Re: SIGCONT misbehaviour in Linux

Richard B. Johnson (root@chaos.analogic.com)
Wed, 8 Dec 1999 17:37:29 -0500 (EST)


On Wed, 8 Dec 1999, Andrea Arcangeli wrote:

> On Wed, 8 Dec 1999, Richard B. Johnson wrote:
>
> >co-pending system call to return to the caller with -EINTR. It
> >is the 'C' runtime library that decides, based upon this flag,
> >if the system call should be restarted or if -1 should be returned
> >to the caller with errno set to EINTR.
>
> glibc could also return to run the syscall without waiting again from the
> beginning by looking at the 'struct timespec *rem'. If there wouldn't be
> the `rem` parameter in nanosleep, glibc couldn't wrap the -EINTR
> trasparently.
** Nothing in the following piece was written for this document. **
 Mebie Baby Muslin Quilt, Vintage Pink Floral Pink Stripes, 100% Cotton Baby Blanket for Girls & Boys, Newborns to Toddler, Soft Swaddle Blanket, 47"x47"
But there is.
>
> NOTE: I can as well fix the kernel for this, but I agree with Peter that
> returning -INTR looks like the right thing to do. (I don't know which is
> the official semantic for the syscall though)
>
> Andrea
>
I think the kernel provides the correct result. The caller either has
to use '_BSD_SIGNALS_' or use code like this:

#include <stdio.h>
#include <signal.h>
#include <errno.h>
#include <string.h>

void foo(int unused) { puts("\7Alarm"); }

main(int x)
{
struct sigaction sa;
char buf[1];
int i;
memset(&sa, 0x00, sizeof(sa));
if(x > 1)
sa.sa_flags = SA_RESTART;
sa.sa_handler = foo;
sigaction(SIGALRM, &sa, NULL);
alarm(1);
i = read(0, buf, 1);
printf("%d, %s\n", i, strerror(errno));
}

Depending upon whether anything is on the command-line, the SA_RESTART
flag is set. This allows one to get both kinds of behavior with no
problems. I think the kernel code is correct.

Cheers,
Dick Johnson

Penguin : Linux version 2.3.13 on an i686 machine (400.59 BogoMips).
Warning : The end of the world as we know it requires a new calendar.